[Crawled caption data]
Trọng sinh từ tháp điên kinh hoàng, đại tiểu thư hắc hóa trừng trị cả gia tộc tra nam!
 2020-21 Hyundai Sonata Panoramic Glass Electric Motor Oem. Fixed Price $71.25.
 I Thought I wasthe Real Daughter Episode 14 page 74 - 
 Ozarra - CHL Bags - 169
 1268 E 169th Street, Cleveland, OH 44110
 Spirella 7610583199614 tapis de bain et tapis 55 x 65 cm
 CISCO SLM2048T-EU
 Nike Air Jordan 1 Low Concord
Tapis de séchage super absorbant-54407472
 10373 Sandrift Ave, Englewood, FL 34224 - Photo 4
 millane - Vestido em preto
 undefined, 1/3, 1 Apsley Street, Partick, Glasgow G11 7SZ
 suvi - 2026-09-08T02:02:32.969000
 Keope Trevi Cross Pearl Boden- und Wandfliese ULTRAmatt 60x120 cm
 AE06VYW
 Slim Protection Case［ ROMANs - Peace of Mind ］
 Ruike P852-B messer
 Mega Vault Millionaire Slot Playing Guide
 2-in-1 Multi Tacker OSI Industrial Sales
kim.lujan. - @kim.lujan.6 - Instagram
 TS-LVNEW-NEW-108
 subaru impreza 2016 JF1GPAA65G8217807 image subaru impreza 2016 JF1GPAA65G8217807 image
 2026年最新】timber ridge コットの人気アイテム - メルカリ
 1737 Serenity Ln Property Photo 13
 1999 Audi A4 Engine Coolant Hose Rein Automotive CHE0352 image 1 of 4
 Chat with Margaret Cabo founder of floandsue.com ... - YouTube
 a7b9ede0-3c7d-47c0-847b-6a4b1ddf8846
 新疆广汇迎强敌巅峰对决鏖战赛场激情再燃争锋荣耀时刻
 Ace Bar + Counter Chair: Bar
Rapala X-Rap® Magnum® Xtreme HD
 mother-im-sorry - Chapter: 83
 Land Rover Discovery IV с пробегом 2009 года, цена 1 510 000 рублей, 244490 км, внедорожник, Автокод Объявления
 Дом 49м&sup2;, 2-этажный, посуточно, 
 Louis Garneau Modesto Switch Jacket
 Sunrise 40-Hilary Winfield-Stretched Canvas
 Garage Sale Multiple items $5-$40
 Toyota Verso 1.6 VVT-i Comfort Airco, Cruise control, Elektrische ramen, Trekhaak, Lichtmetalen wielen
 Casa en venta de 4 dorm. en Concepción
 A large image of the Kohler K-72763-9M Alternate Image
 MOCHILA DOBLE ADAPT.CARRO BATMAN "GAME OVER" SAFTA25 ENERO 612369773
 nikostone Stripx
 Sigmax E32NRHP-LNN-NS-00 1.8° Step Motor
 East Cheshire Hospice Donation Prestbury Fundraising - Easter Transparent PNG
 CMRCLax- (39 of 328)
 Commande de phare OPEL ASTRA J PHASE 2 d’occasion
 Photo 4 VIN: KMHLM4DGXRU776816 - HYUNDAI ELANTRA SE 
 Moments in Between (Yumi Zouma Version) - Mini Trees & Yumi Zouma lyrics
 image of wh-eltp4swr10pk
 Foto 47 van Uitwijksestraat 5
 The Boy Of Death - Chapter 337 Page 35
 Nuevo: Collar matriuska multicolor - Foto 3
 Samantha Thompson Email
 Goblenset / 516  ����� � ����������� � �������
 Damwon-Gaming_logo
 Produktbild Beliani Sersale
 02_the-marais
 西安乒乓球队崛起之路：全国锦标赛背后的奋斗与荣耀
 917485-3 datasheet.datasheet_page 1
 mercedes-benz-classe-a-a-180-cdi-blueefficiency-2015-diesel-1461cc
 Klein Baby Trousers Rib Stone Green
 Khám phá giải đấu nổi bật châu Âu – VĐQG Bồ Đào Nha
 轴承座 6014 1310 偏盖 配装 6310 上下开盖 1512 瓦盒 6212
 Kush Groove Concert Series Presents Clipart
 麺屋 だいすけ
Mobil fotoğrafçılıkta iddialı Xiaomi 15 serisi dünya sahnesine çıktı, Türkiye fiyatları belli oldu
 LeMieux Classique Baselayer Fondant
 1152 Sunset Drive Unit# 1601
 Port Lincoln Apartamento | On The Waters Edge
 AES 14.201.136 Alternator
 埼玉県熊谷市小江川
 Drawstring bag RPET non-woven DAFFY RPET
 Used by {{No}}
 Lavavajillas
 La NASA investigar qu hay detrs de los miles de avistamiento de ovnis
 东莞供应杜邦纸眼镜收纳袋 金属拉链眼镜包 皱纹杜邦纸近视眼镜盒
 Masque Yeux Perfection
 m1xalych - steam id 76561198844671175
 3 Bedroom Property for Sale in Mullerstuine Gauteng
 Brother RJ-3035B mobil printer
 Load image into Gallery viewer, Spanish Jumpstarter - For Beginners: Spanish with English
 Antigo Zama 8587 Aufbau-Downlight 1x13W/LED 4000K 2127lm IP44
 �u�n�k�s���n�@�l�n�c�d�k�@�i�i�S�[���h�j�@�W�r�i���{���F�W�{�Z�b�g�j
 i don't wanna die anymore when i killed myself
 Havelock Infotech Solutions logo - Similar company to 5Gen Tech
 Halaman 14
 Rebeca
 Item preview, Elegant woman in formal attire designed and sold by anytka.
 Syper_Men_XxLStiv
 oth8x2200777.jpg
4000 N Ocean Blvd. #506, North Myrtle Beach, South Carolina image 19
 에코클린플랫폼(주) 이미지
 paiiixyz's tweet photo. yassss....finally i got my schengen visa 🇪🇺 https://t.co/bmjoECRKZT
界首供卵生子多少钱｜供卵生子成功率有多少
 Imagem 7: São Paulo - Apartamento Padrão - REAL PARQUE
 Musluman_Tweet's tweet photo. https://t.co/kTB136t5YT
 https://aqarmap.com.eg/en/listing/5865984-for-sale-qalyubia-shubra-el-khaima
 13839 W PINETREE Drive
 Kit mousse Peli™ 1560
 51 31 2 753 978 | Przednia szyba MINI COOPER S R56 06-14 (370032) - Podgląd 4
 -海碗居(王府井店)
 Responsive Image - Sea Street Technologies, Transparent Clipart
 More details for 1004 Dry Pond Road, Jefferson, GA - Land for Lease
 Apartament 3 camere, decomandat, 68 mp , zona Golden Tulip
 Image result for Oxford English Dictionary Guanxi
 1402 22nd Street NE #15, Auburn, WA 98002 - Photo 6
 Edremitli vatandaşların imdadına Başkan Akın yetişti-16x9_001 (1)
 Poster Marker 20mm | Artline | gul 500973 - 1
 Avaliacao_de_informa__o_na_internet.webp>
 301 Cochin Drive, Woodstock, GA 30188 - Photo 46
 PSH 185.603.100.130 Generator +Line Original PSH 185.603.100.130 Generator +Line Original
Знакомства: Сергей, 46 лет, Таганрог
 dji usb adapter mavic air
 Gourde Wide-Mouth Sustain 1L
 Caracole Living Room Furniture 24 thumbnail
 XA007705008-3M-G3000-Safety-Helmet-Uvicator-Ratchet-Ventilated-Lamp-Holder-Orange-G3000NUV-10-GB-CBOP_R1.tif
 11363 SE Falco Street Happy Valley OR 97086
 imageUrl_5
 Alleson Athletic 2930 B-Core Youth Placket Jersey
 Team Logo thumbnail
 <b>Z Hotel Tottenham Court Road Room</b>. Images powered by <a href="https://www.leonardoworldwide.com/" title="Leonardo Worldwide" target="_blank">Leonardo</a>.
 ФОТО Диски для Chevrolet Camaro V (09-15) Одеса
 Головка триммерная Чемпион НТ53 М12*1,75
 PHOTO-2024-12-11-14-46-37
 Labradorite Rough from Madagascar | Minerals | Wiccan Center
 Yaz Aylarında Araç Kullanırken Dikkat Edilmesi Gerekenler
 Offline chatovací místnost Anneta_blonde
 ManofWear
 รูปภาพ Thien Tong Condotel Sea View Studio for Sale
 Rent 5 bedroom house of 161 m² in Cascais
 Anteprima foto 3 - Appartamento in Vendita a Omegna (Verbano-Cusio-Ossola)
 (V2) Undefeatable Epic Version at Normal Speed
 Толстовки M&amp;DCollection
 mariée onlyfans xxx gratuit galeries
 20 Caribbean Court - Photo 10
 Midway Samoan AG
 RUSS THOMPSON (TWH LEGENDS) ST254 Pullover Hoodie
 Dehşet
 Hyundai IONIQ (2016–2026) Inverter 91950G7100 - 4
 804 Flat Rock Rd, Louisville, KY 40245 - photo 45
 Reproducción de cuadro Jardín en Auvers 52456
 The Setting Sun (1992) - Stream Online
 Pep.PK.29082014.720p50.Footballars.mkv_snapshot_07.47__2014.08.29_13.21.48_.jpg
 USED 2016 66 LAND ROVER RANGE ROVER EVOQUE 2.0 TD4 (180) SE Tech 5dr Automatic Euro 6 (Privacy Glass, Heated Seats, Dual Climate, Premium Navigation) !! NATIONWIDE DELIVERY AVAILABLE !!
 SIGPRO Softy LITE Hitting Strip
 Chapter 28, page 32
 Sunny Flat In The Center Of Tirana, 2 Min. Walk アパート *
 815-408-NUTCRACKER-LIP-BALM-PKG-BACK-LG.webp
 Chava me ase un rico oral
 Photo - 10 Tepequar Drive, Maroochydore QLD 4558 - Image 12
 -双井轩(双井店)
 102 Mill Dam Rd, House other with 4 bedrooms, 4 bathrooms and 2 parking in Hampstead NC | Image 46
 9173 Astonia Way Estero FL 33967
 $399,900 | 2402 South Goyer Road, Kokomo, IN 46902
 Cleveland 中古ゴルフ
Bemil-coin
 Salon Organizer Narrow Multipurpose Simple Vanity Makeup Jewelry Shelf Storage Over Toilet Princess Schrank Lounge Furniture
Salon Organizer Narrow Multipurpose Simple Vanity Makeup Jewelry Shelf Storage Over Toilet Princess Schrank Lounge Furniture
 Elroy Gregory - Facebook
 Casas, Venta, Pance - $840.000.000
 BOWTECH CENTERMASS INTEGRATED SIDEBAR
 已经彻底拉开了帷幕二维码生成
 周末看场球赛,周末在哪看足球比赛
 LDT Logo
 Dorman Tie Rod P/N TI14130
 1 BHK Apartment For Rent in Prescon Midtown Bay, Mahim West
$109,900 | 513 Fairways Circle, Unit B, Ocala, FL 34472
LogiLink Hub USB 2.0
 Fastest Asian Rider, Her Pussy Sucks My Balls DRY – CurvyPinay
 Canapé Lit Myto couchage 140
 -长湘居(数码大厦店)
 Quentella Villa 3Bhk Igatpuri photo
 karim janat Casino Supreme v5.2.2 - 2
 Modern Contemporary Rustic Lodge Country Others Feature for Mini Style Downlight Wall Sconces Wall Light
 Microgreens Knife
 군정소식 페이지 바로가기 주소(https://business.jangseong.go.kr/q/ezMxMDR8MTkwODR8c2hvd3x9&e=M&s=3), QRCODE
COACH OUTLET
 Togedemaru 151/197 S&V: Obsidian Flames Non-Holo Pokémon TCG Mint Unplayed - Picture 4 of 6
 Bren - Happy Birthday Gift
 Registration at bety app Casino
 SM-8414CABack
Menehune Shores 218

**The problem**: Reproduce each line of the records in which the word "South" appears.

**Task answer**:
4000 N Ocean Blvd. #506, North Myrtle Beach, South Carolina image 19
 $399,900 | 2402 South Goyer Road, Kokomo, IN 46902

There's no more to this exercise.